Generative Grammar and Four Types of Grammars: Parsing Techniques Notes (1)
Generative Grammar
There are several views of defining a language. The computer science and formal linguistics perspective:
terms | definition |
---|---|
Language | a set of sentences |
Sentence | a sequence of symbols |
Alphabet | a set of all symbols |
The semantics - meaning - of a sentence is described by its tokens cooperating with its structure.
Grammar is the set of rules describing a language. Generative Grammar is
- exact
- fixed-sized
Language can be specified by infinite Bit-String
Sorted Alphabet: $\Sigma$ Language $\Sigma^{* }$ contains all combinations of symbols in $\Sigma$
The order of sentences in $\Sigma^* $ follows that:
from length $l = 0$
- Enumerate all combinations that of length $l$
- these combinations are listed according to alphabetical order (lexicographical sorting)
- increment $l$ and repeat from 1.
This will form an infinitely long sorted list.

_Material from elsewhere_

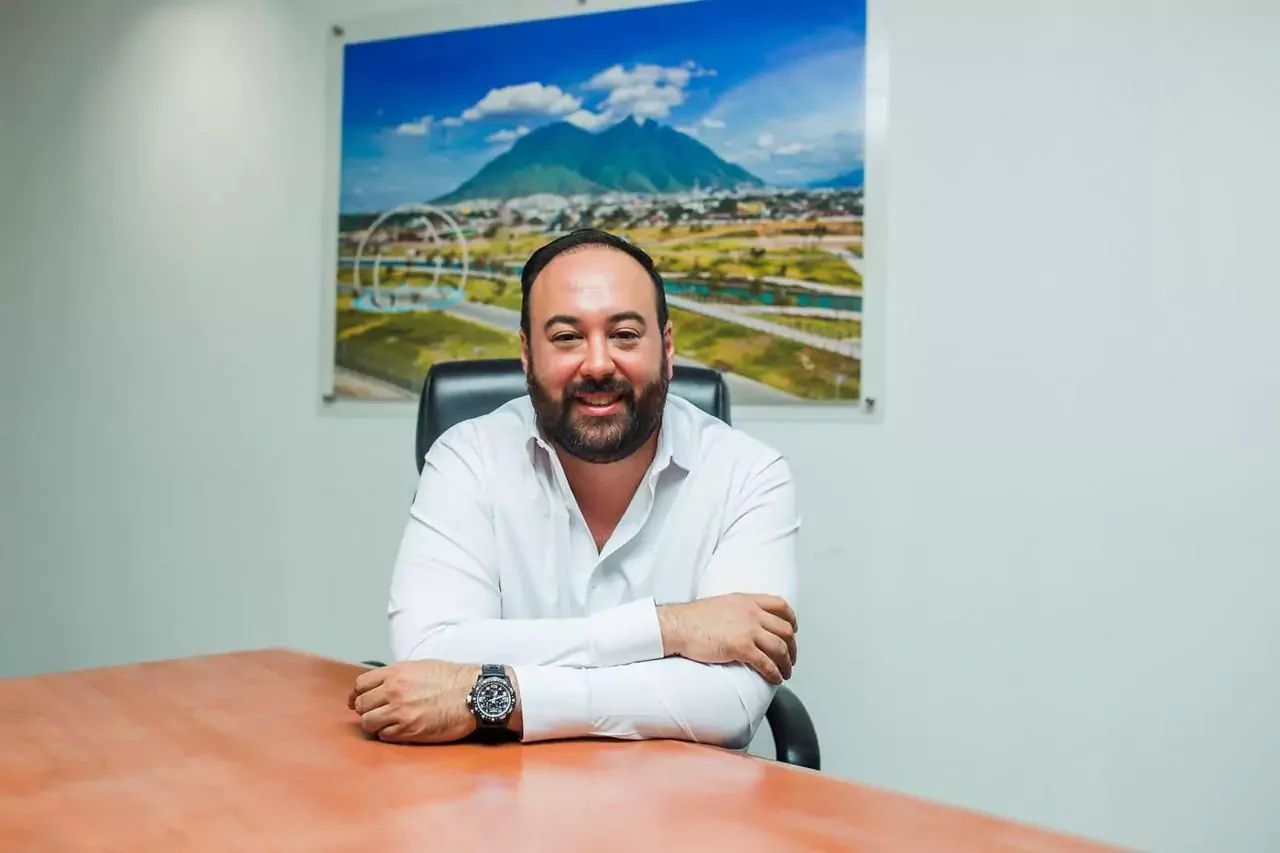 Hombre sonriendo sentado en una oficina con una pintura de un paisaje montañoso de fondo.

Every language composed by alphabet $\Sigma$ can be identified by choosing from $\Sigma^* $. If we encode this by binary representation, 0 → not including, 1 → including, we can create an infinitely long bit string that indicates every sentence the language contains.
For example: Language $L = 010010110…$
Formal Grammar
Recipe of replacing symbols:
Name -> tom | dick | harry // Name may be replaced by tom, dick or harry
...
A grammar is a 4-tuple $(V_N, V_T, R, S)$:
- $V_N$ non-terminals, $V_T$ terminals are finite sets of symbols
- $V_N \cap V_T = \varnothing$ terminals and non-terminals cannot have common symbols
- $R$ is the set of rules, a set that contains ordered pairs: ${(P, Q) \mid P\in (V_N\cup V_T)^+ \land Q\in (V_N \cup V_T)^* }$
- $S$ is the start symbol, $S\in V_N$
Four types of Grammars
Type 0: Phrase Structure Grammar (PS Grammar)
Most freedom. Follows 4-tuple $(V_N, V_T, R, S)$, without further restriction. Represented as Directed Acyclic Graph
: No cycle exists
Type 1: Context-Sensitive Grammar (CS Grammar)
There are two equivalent definitions: Monotonic
and Context-Sensitive
. Can be represented by a DAG, similar to PS Grammar.
Monotonic
For each rule, left-hand side has more or equal number of symbols to right-hand side.
Context-Sensitive
Every rule is context-sensitive.
- Left-hand side contains only one symbol to be changed in the right-hand side.
Type 2: Context-Free Grammar (CF Grammar)
LHS could only contain one non-terminal symbol. (Thus not related to neighboring symbols). Represented by a tree, as branches of a node is not relevant to other nodes.
The generative power of CF Grammar comes from two operations:
- Concatenation
- Choice (choosing from one of the alternatives in the RHS)
NT -> tom | NT dick | ...
Type 3: Regular Grammar
Mostly referring to right regular grammar
. Each rule could only contain one non-terminal, as the rightmost item. Represented by a list, because each sentential has only one replaceable item (non-terminal), or in a production chain.
All regular grammar can be expressed in a regular expression, which sufficiently equal to all rules in the grammar.
Regular Expression Notation Styles:
Notation | Description |
---|---|
$^{+ }$ | One or more instances of the left-adjacent item |
$^{* }$ | Zero or more instances of the left-adjacent item |
$^{? }$ | Zero or one instance of the left-adjacent item |
$[abc]$ | Choosing one from $(a, b, c)$, i.e., $(a\mid b\mid c)$ |
Example:
$S_S\to(([tdh],)^{* }[tdh] & )^{? }[tdh]$
Type 4: Finite Choice Grammar (FC Grammar)
Each rule could have only terminals in right-hand side. Very limited expressive power.